L’UNESCO valuterà in una prossima riunione la proposta presentata 10 anni fa dalla Francia di includere nella lista del patrimonio mondiale le spiagge protagoniste di un evento che cambiò le sorti dell’Europa.
Insieme alle spiagge, a far parte del territorio candidato ci sono luoghi che svolsero un ruolo molto importante nel successo della cosiddetta Operazione Overlord: la Pointe du Hoc, la batteria di Longues-sur-Mer e il porto artificiale Winston Churchill, oltre a un campo sottomarino al largo delle spiagge.
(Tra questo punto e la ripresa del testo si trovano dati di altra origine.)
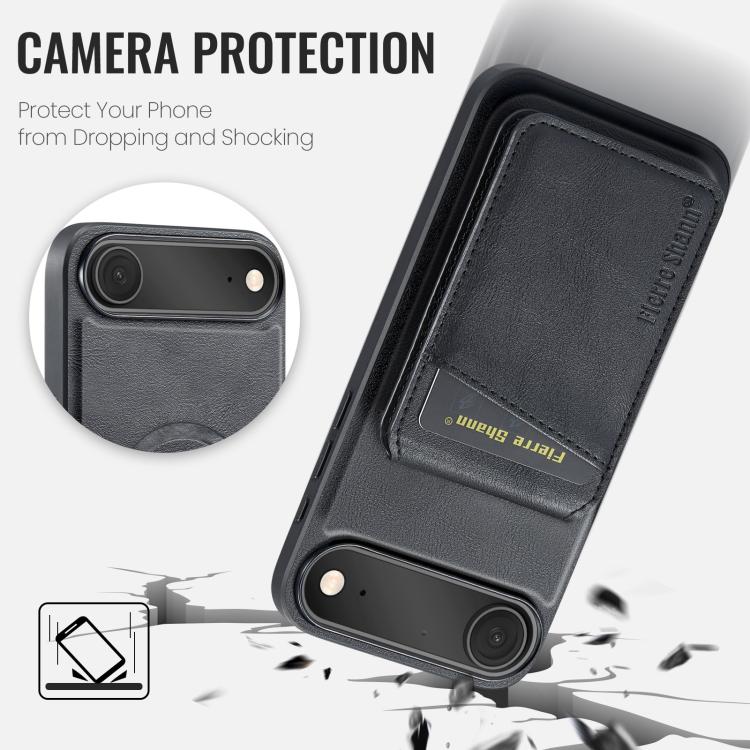 For iPhone Air Fierre Shann Cowhide Vertical Flip Magnetic Card Holder Phone Case(Black) - iPhone Air Cases by FIERRE SHANN | Online Shopping UK | buy2fix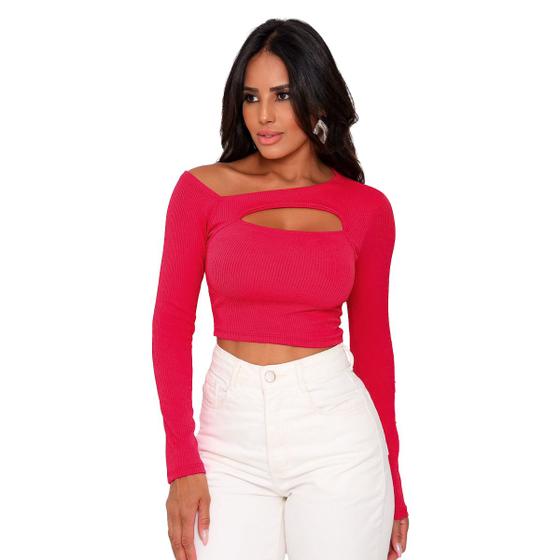 Imagem de Cropped Manga Longa Blusa Feminina Decote Vazado Blogueira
Nella lista Unesco anche Mont Saint Michel e Le Havre
La “piccola” Normandia vanta due siti patrimonio dell’Unesco: Mont Saint Michel e Le Havre, oltre ai merletti di Alençon, il Carnevale di Granville, l’Arazzo di Bayeux e le Fortificazioni di Vauban.
La lista dell’Unesco è composta da 1.153 siti (di cui 896 beni culturali, 218 naturali e 39 misti) presenti in 167 stati del mondo.
Al 2023, l’Italia è il paese con più siti UNESCO al mondo (59 siti), seguita dalla Cina (57 siti) e da Germania e Francia (a pari merito con 52 siti).